Sid the Chicken wrote:
What Spacemonaut is saying is that there are a number of cards that have 2 traits;
1. They look like great EDH cards, because they're big, splashy effects
2. They are NOT great EDH cards, because they turn the game into Suckapalooza 2019.
He is saying such cards should go on the banned list so as to prevent people from making the mistake of seeing number 1 and not recognizing number 2.
That is correct. Thank you for the concise summary. I am also suggesting the Suckapalooza additionally manifests in a specific ugly social pattern for those cards:
The player sees #1 and doesn't recognise #2, builds with the card (let's say
Expropriate) and plays it. That player suffers social reprisals and shame from their opponents. These social reprisals include requiring them to change their deck and/or not use the card again a second time. (
Shabbaman's “don't be a douche, don't play it more than once” tact is not an uncommon response I've seen in EDH groups; it is one of the only ways we have available of managing use of these cards.) Everyone at the table now feels bad: the opponents for having the Suckapalooza inflicted on them, the player for the social reprisal and shame now being directed their way. The social ramifications the player has experienced may last the rest of the night even after the game is over, or longer than that.
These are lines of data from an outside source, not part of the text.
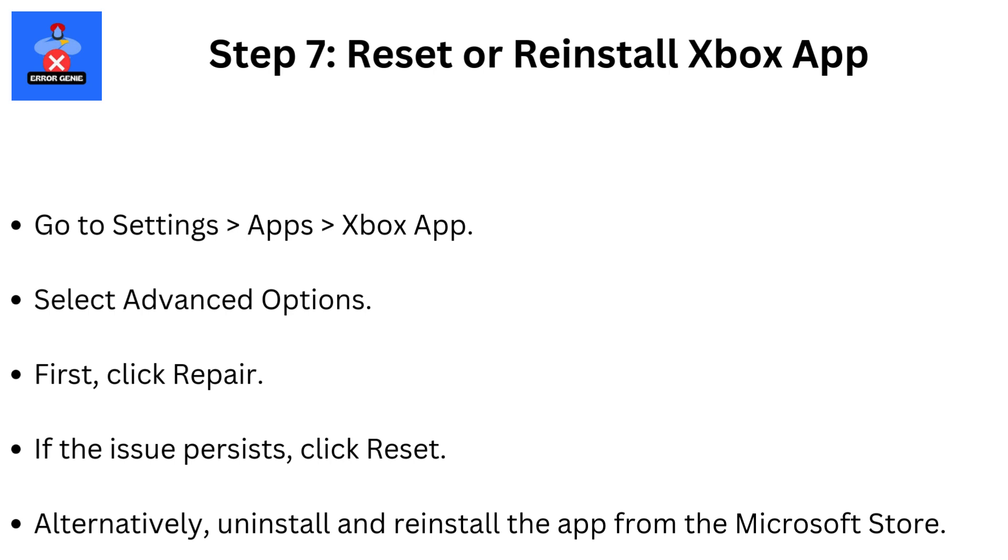Step 7: Reset or Reinstall Xbox App. Go to Settings, then Apps, then Xbox App. Select Advanced Options. First, click Repair. If the issue persists, click Reset. Alternatively, uninstall and reinstall the app from the Microsoft Store.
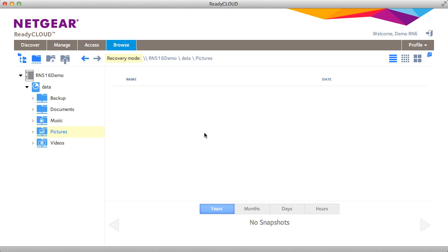And that's the basic steps for setting up your ReadyNAS using ReadyCloud. Thanks for watching and we invite you to learn more at www.netgear.com slash ReadyNAS. ReadyNAS from Netgear. Storage made easy.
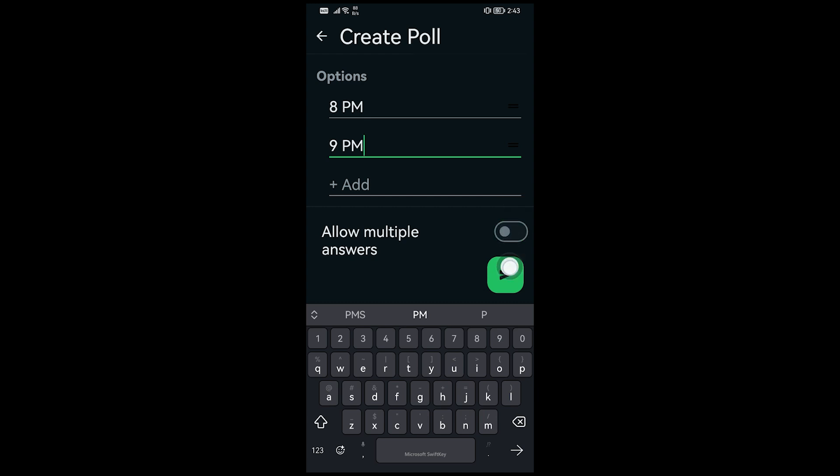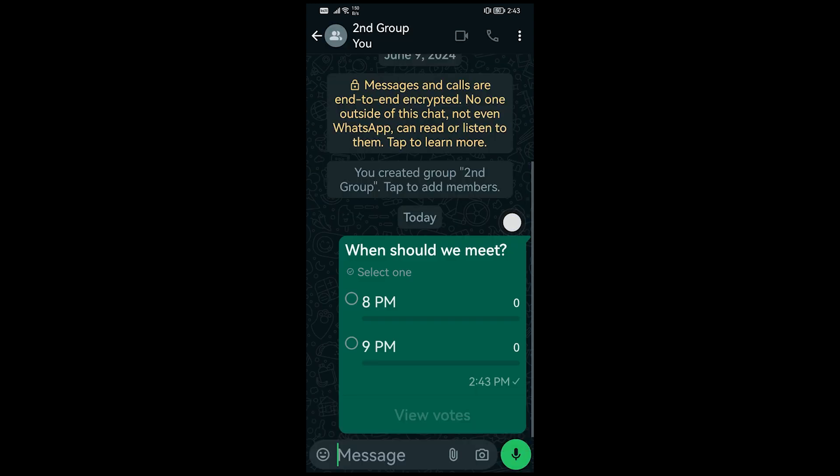I'm just going to go ahead and disable it here and then click this button right here in order for me to add it. And that is how it works everybody. I hope this video helps you out.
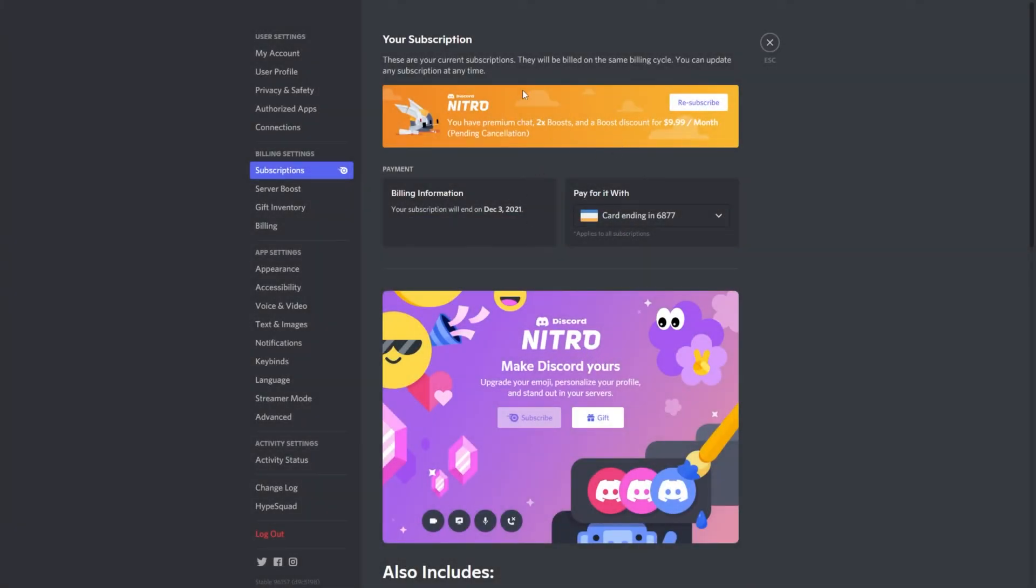After doing so, you'll see a different text over here saying you have it until whenever, pending cancellation. Your subscription will end on December 3rd, 2021 or whenever three months is or however long you have left of your trial or subscription.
I believe if these cards are that bad, then if the format leaves them available, it is laying down all of this as a trap for people to walk into. If I've got dangerous things in my home I should lock them away or warn people not to touch them, I shouldn't just leave them lying around for unknowing people to pick up and hurt themselves with. EDH is a format about making memorable fun casual games with (among other things) big splashy cards: the format should not include big splashy cards known to reliably instead make games unfun between Suckapalooza gameplay and social reprisals/shame.
Expropriate is an excellent example of this category. Vorinclex is too. So might Iona, Sire of Stagnation, and Consecrated Sphinx, among some others.
papa_funk wrote:
spacemonaut wrote:
This is more or less saying "we can't do all the things, so let's not bother doing even a bit of the things." That's not how it works: the RC can do some things, such as ban cards on the level of Iona and Expropriate, vastly reducing the number of tools with which to create those experiences.
I'm quite confused. the game, as described, sounds like it was miserable. Iona appeared and gave the rest of the table a chance, then someone made a bad move that got Iona off the table, returning the game to sucking.
There are reasonable arguments why Iona is a pretty miserable card, but this one isn't one of them.
Just so we're clear, I am not actually making an argument to ban Iona there, I am instead saying that if Iona was banned it would not have zero effect on the format.
In
the message you're quoting from I am responding to InkEyes22's resigned argument that bans do nothing because people can always find ways to make the game suck. I disagree with that: yes, while people will find tools to make the game suck, a ban on very reliable funsuck cards will reduce the number of powerful tools available to them to make it suck, and that would be significant and positive. InkEyes22 quotes
that game Gath described but I have not actually responded to that game yet.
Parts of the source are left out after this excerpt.